Market Perspective for April 11, 2021

The Nasdaq gained 3.12 percent last week, the S&P 500 Index 2.71 percent and the Dow Jones Industrial Average 1.95 percent. The Russell 2000 Index dipped 0.46 percent as energy weighed on small-cap and value indexes. The S&P 500 posted its third positive trading week in a row, the index’s longest weekly rally since last October, as did the Dow.

SPDR Technology (XLK) gained 3.45 percent as large-cap technology companies won the week. SPDR Consumer Discretionary (XLY) climbed 2.18 percent. It was aided by a 5.58 percent rally in Amazon (AMZN) as it defeated a unionization vote in Alabama.
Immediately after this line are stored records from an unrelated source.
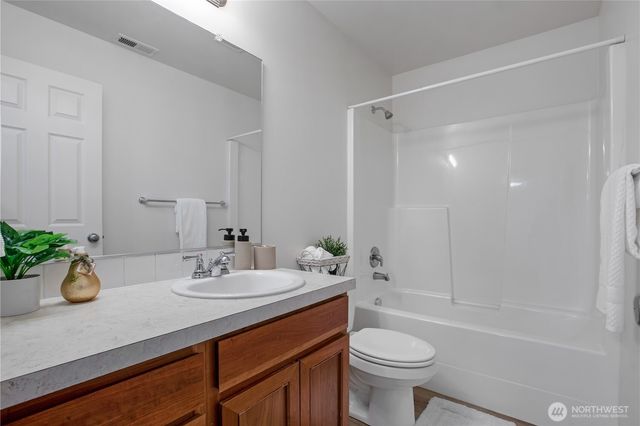 3628 Andress St NE, Lacey, WA 98516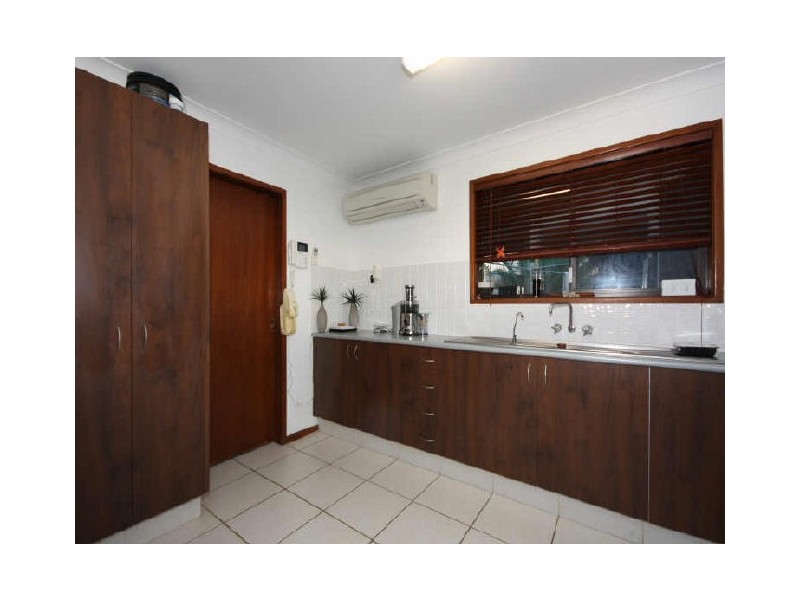 5 Omao Av, Burleigh Waters QLD 4220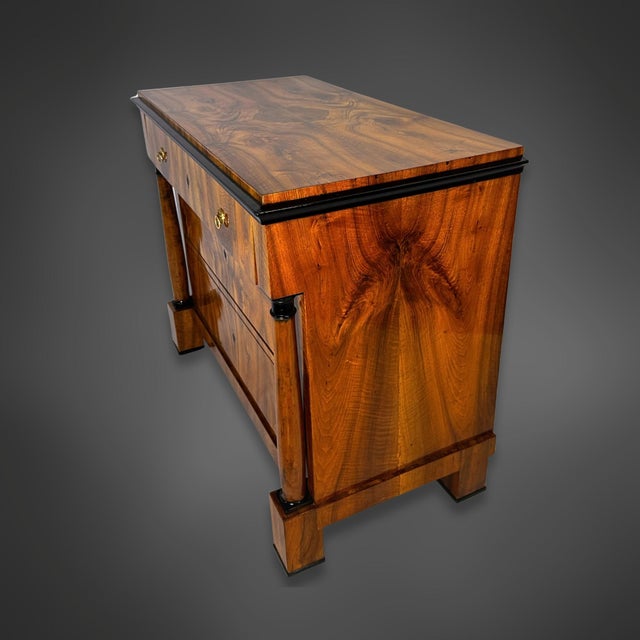 Biedermeier Writing Desk in Walnut, 1820 For Sale - Image 10 of 18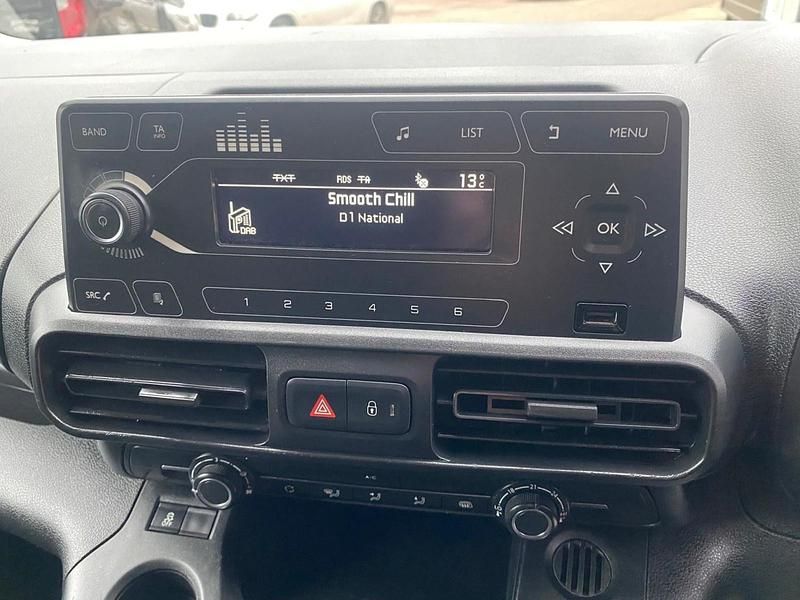 Used Vauxhall Combo 100 HP (73 kW) 2022 White MPV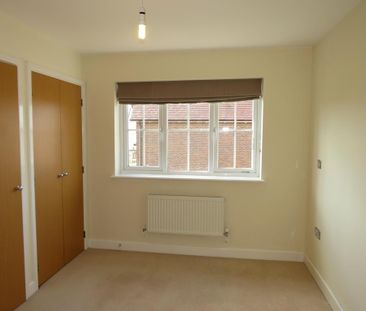 4 bedroom semi-detached house to rent - Photo 1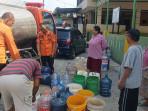 BPBD-Kabupaten-Bogor-distribusikan-air-bersih-untuk-warga-Desa-Jonggol-Kecamatan-Jonggol.jpg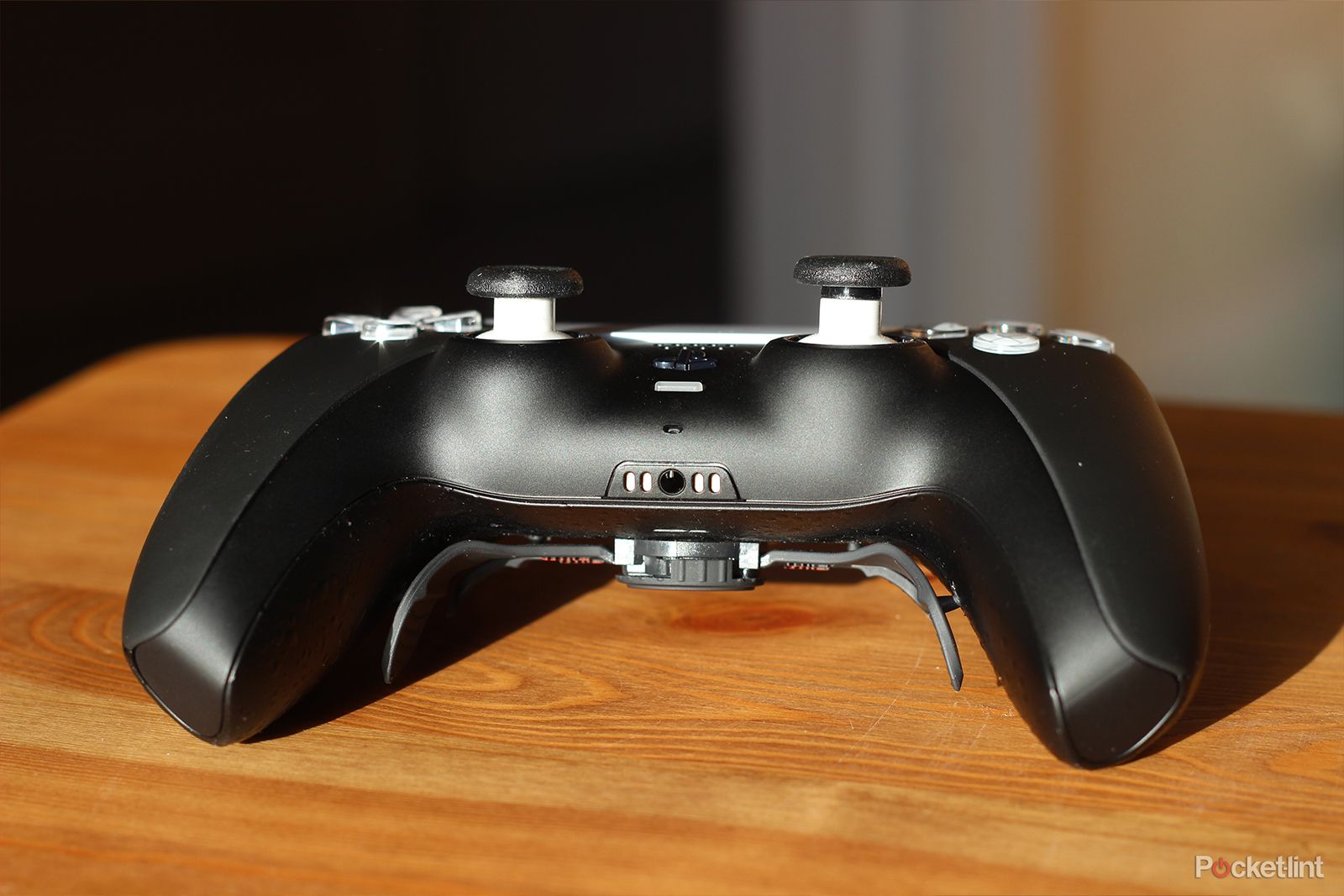 AimControllers custom PS5 controller review: The best way to play on PS5? photo 5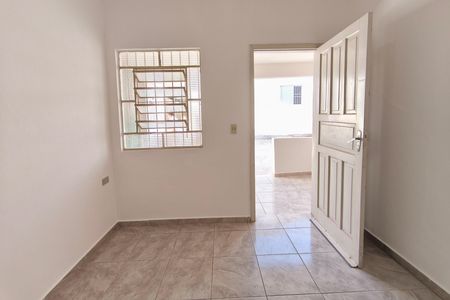 Casa para alugar com 177m², 3 quartos e 5 vagas Casa para alugar com 177m², 3 quartos e 5 vagasEdícula - Sala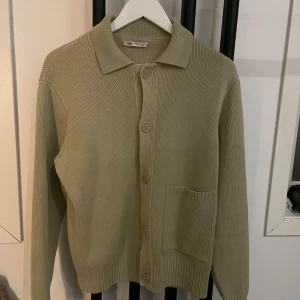 Zara cardigan  - Size S bra skick.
Large-cap technology companies’ stock closed up on Friday, as SPDR Technology (XLK) gained 0.96 percent and Invesco QQQ Trust (QQQ) 0.64 percent. After posting new intraday records the day before, Friday ended with increases for Microsoft (MSFT) shares of 1.03 percent and Alphabet (GOOGL) 0.90 percent. Apple (APPL) shares were also up 2.02 percent.

The Dow’s new high was boosted by UnitedHealth (UNH) shares rising 3.1 percent and Honeywell (HON) shares 3.2 percent on Friday.

SPDR Consumer Staples (XLP) lost 0.17 percent on Friday. SPDR Healthcare (XLV) rose 1.1 percent on the day.

The financial sector saw a bump from Friday’s bond yield and inflation upticks. SPDR Financial (XLF) rose 0.86 percent for the day. JPMorgan Chase (JPM) shares increased 0.75 percent.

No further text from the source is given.